WHAT THIS TASK INVOLVES →
Repeat exactly the line containing "Triveni Pink &" and every line after it in the entries, and nothing besides.
————————
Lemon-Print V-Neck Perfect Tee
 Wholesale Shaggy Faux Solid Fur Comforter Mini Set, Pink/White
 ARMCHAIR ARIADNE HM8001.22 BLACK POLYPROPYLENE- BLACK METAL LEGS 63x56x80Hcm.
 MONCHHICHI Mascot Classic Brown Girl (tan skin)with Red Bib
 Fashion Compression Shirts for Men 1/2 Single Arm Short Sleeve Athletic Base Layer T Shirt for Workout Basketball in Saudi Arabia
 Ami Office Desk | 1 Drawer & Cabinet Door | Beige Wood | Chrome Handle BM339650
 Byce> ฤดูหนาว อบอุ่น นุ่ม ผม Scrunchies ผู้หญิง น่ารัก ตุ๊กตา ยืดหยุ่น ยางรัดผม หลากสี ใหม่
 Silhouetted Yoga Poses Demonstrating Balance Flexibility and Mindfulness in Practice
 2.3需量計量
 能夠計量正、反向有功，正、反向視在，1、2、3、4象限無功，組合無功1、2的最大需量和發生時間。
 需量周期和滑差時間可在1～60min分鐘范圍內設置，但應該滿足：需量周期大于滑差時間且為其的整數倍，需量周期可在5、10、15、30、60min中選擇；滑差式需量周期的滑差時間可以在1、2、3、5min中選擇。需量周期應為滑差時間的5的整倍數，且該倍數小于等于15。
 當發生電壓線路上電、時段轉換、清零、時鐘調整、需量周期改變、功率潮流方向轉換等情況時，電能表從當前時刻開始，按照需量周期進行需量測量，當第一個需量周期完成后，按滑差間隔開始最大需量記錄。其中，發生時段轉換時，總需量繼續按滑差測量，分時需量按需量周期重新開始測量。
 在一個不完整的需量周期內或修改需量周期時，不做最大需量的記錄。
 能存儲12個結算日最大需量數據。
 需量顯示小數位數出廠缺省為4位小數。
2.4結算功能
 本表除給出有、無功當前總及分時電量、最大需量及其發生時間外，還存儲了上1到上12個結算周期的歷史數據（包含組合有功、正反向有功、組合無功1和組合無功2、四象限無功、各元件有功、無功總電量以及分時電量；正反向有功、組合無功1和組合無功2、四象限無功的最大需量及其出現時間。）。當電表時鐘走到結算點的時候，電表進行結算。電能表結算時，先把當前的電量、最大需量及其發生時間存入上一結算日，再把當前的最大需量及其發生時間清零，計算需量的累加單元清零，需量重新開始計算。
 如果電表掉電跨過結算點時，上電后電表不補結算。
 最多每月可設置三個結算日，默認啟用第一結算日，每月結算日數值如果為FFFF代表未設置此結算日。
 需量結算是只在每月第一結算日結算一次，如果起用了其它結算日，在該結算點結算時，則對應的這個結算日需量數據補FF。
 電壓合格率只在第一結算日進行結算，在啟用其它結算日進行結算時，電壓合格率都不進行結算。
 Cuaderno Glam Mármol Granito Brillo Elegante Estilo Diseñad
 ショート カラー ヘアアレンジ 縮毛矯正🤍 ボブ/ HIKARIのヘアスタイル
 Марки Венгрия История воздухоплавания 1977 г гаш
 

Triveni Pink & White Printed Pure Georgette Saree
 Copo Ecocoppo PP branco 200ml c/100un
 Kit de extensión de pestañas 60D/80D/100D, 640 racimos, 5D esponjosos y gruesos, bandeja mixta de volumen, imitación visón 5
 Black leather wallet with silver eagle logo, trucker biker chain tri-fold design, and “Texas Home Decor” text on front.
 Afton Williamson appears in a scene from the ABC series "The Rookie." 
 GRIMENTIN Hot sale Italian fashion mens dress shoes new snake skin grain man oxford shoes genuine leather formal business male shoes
————————
SOLUTION TO THIS PROBLEM →
Triveni Pink & White Printed Pure Georgette Saree
 Copo Ecocoppo PP branco 200ml c/100un
 Kit de extensión de pestañas 60D/80D/100D, 640 racimos, 5D esponjosos y gruesos, bandeja mixta de volumen, imitación visón 5
 Black leather wallet with silver eagle logo, trucker biker chain tri-fold design, and “Texas Home Decor” text on front.
 Afton Williamson appears in a scene from the ABC series "The Rookie." 
 GRIMENTIN Hot sale Italian fashion mens dress shoes new snake skin grain man oxford shoes genuine leather formal business male shoes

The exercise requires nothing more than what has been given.